### WORK INSTRUCTIONS
Lines from the one with "Children's Paris-themed cotton" up to and including the one with "Chervenkov Guest House" are to be copied exactly from the records below, without their pictures.

### DATA TO EXAMINE
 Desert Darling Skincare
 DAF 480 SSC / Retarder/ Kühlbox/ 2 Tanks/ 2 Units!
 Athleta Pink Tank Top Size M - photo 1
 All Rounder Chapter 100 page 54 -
--
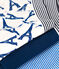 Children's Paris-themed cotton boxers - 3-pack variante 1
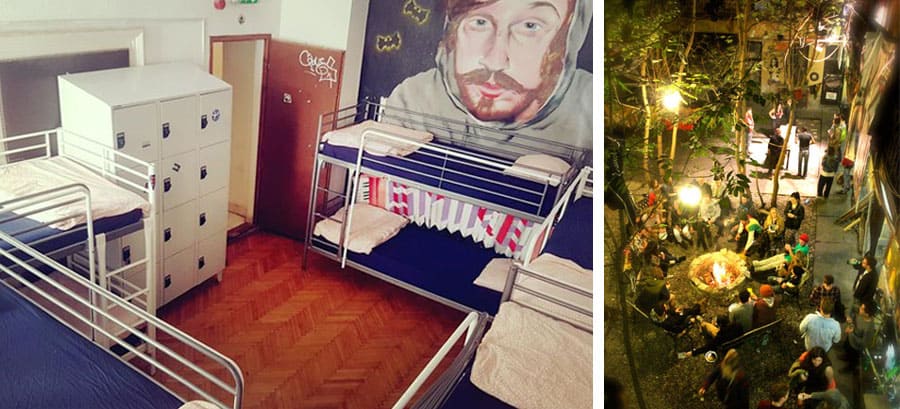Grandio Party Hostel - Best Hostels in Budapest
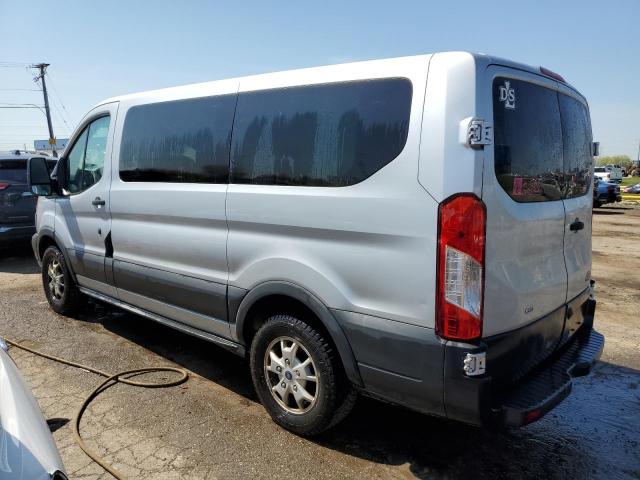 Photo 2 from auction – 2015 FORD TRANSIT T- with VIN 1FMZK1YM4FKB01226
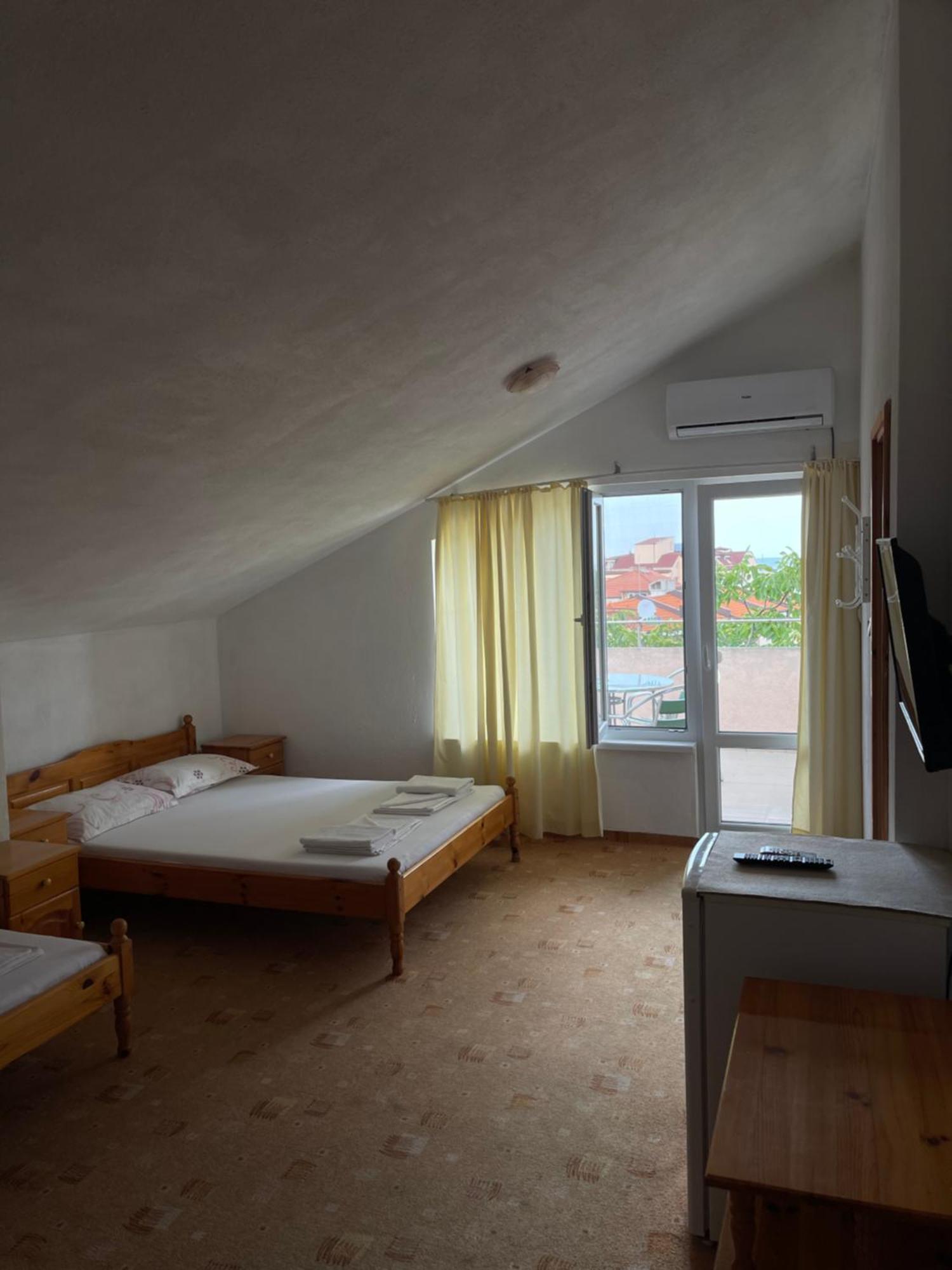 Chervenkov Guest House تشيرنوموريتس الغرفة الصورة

### ANSWER SPACE
 Children's Paris-themed cotton boxers - 3-pack variante 1
Grandio Party Hostel - Best Hostels in Budapest
 Photo 2 from auction – 2015 FORD TRANSIT T- with VIN 1FMZK1YM4FKB01226
 Chervenkov Guest House تشيرنوموريتس الغرفة الصورة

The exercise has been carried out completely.